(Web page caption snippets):

★ ★ ★ ★ ★ ★ ★

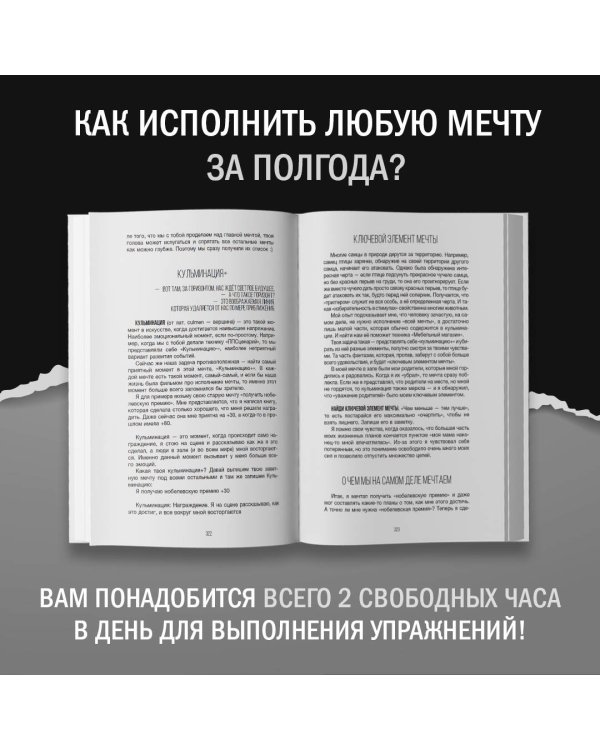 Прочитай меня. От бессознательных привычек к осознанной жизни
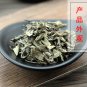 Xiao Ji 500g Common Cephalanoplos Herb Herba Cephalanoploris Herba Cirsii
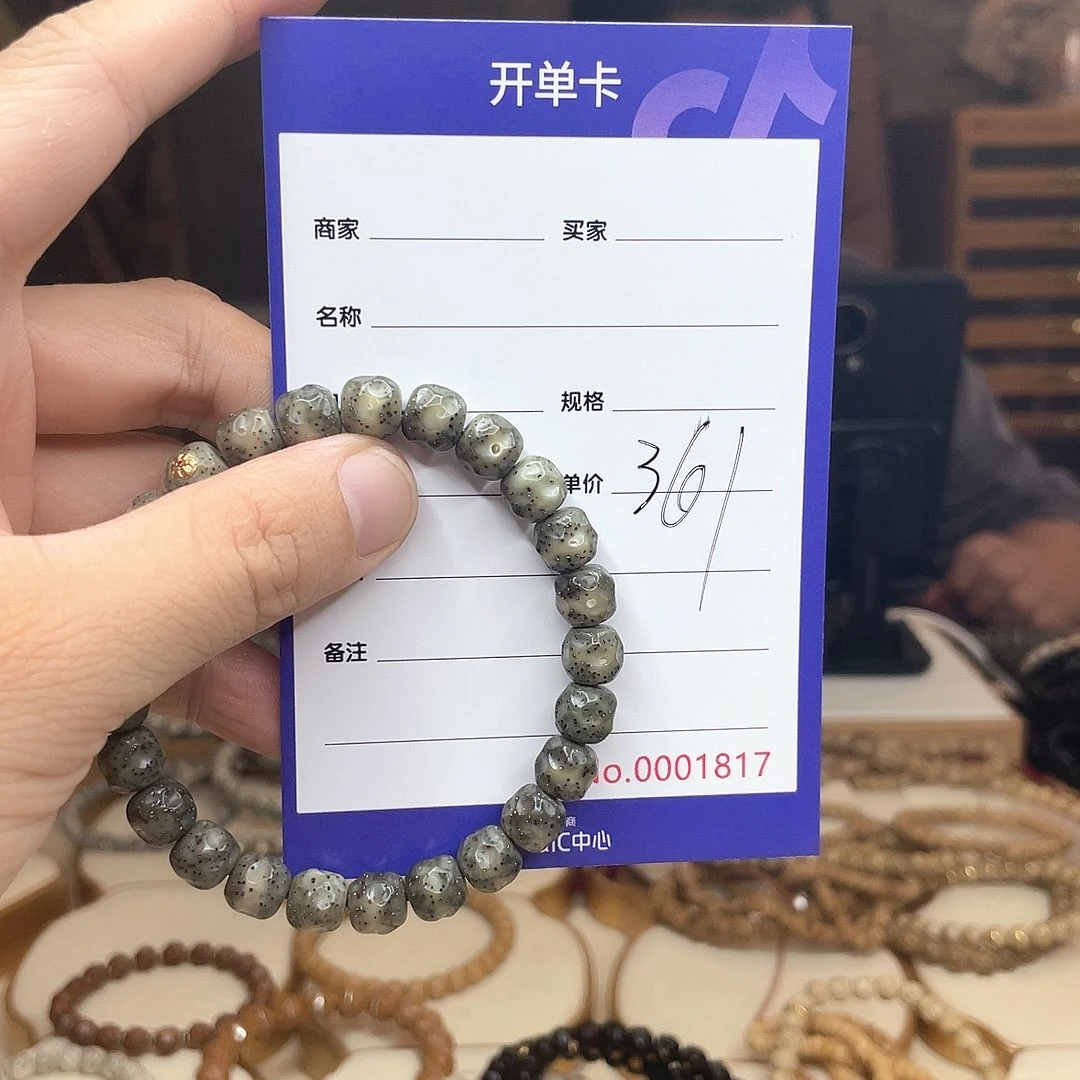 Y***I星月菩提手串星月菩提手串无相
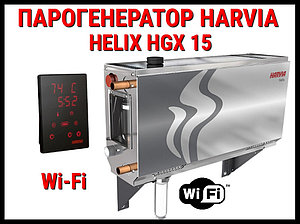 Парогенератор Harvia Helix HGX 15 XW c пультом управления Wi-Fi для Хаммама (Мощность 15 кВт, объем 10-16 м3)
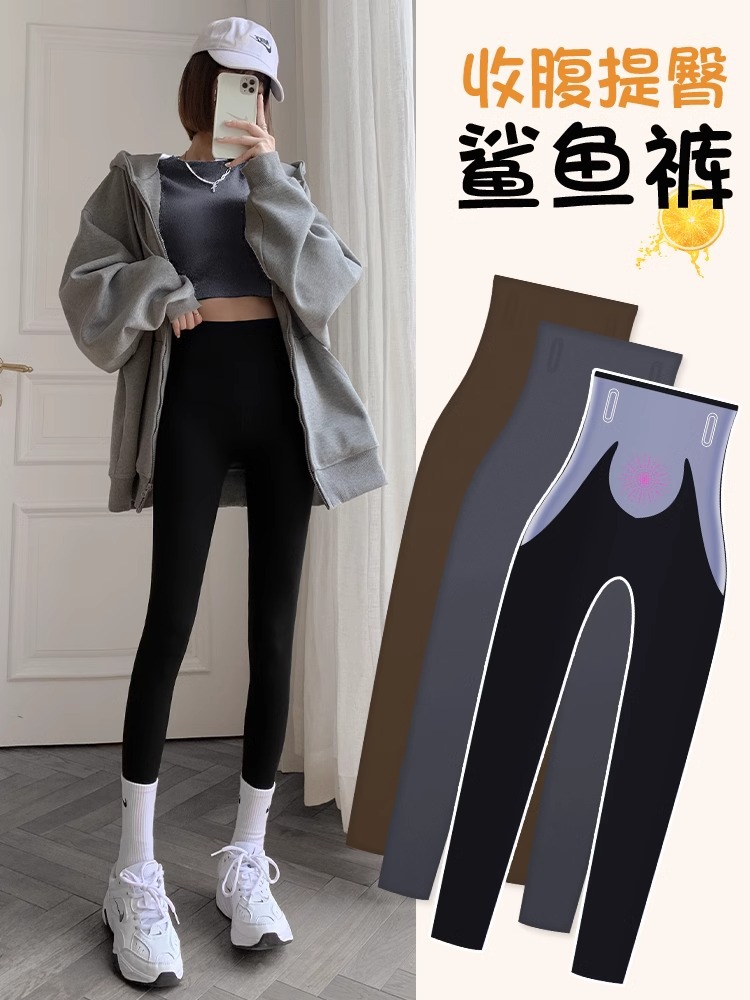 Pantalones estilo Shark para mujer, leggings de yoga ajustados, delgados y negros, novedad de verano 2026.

★ ★ ★ ★ ★ ★ ★

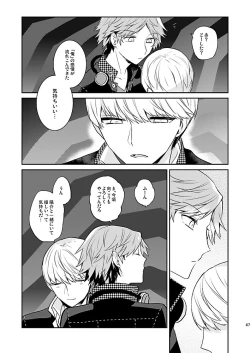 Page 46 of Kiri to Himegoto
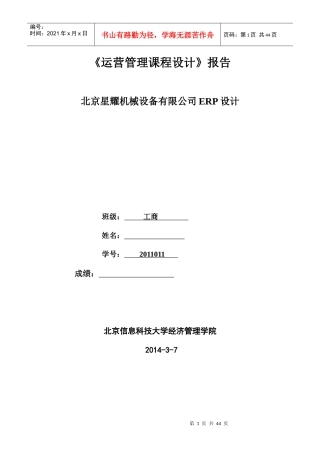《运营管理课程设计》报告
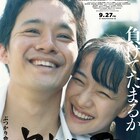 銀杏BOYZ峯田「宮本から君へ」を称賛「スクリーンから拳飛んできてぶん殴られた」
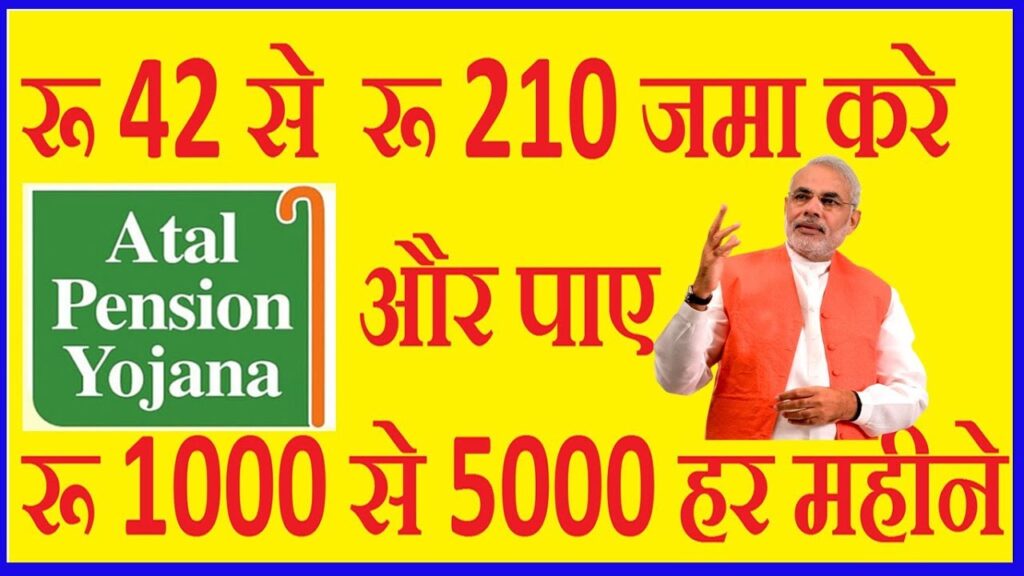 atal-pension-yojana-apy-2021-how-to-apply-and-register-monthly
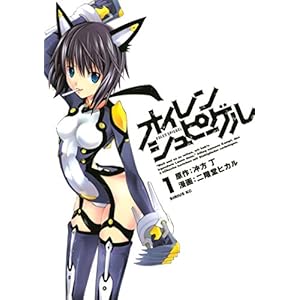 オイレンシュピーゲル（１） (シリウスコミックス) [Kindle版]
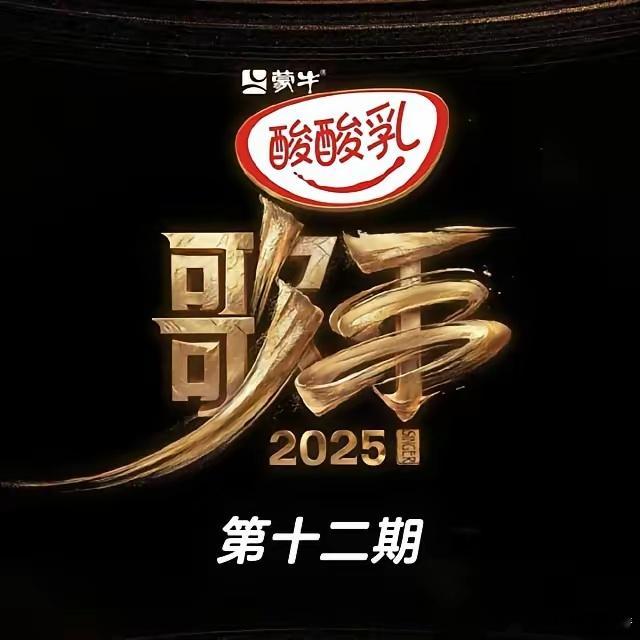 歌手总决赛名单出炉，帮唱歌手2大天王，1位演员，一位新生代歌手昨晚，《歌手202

★ ★ ★ ★ ★ ★ ★

(Task):
What's needed is an exact copy of the lines above from the one with "銀杏BOYZ峯田「宮本から君" through the one with "歌手总决赛名单出炉，帮唱歌手", both included; the pictures stay out.

(Exercise output):
 銀杏BOYZ峯田「宮本から君へ」を称賛「スクリーンから拳飛んできてぶん殴られた」
 atal-pension-yojana-apy-2021-how-to-apply-and-register-monthly
 オイレンシュピーゲル（１） (シリウスコミックス) [Kindle版]
 歌手总决赛名单出炉，帮唱歌手2大天王，1位演员，一位新生代歌手昨晚，《歌手202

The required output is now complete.